=== Description of the task ===
Each line of the data below from the one holding "Carnival Living Fabric" to the one holding "Wood box zinc", inclusive, is to be reproduced exactly; no other line belongs in the answer.

=== Extracted material ===
=== Section Start ===

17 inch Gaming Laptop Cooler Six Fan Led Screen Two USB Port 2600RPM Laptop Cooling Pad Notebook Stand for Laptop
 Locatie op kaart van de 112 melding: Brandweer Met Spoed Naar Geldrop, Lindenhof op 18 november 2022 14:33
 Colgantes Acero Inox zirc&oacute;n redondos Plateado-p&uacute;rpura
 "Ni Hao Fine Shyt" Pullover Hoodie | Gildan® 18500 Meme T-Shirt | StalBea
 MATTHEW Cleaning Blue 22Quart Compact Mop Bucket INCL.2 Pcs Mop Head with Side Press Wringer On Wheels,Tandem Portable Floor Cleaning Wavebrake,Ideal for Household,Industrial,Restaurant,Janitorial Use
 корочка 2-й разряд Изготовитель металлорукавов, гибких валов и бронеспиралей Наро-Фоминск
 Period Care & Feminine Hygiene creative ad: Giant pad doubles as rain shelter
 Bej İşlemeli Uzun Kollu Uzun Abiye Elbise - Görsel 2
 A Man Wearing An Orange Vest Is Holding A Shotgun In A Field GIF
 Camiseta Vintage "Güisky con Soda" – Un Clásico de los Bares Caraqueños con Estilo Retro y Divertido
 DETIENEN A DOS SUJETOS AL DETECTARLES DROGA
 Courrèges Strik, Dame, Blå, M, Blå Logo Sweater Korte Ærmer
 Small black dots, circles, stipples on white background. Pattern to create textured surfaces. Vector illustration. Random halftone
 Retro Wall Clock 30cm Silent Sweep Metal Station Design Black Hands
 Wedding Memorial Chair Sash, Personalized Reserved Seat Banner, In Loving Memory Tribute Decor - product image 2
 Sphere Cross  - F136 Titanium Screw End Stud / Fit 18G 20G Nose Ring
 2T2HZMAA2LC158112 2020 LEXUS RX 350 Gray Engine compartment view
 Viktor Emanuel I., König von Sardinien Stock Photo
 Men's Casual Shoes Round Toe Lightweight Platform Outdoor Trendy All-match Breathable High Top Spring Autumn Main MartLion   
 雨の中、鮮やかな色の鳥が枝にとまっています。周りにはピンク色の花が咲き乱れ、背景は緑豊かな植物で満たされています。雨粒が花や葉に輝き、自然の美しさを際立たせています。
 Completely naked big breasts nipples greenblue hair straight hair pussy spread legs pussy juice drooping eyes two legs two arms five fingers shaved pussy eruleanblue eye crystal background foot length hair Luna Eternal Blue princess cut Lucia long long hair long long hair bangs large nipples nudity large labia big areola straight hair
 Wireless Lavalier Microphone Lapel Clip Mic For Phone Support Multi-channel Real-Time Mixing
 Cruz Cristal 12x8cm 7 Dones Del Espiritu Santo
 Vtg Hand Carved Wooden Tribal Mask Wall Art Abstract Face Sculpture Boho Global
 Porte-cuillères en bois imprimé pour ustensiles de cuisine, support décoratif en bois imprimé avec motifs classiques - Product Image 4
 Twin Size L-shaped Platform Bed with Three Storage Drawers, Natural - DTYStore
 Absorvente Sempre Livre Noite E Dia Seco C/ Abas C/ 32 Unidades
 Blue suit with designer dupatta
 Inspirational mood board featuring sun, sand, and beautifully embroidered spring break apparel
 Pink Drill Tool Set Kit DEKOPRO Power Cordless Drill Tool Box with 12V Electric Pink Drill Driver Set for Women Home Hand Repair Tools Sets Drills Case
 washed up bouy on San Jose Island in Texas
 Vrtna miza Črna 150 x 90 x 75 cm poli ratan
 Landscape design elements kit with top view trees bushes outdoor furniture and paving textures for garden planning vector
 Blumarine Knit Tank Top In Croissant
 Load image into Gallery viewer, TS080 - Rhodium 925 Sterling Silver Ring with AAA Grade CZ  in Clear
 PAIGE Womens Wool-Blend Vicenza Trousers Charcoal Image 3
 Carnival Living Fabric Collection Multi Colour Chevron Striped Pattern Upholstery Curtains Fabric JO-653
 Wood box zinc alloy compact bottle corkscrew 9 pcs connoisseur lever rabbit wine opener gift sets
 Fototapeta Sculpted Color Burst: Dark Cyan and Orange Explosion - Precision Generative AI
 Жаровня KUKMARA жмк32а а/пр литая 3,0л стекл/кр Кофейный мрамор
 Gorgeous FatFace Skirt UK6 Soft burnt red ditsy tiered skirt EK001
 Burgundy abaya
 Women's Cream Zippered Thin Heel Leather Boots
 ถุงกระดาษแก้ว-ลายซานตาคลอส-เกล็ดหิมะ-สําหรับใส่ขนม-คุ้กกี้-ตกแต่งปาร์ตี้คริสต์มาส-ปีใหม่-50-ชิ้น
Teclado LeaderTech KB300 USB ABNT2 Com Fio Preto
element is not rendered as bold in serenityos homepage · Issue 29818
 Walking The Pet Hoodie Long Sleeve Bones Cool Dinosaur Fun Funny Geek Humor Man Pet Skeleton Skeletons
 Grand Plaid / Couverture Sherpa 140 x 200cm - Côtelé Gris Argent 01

=== Section End ===

=== Finished exercise ===
 Carnival Living Fabric Collection Multi Colour Chevron Striped Pattern Upholstery Curtains Fabric JO-653
 Wood box zinc alloy compact bottle corkscrew 9 pcs connoisseur lever rabbit wine opener gift sets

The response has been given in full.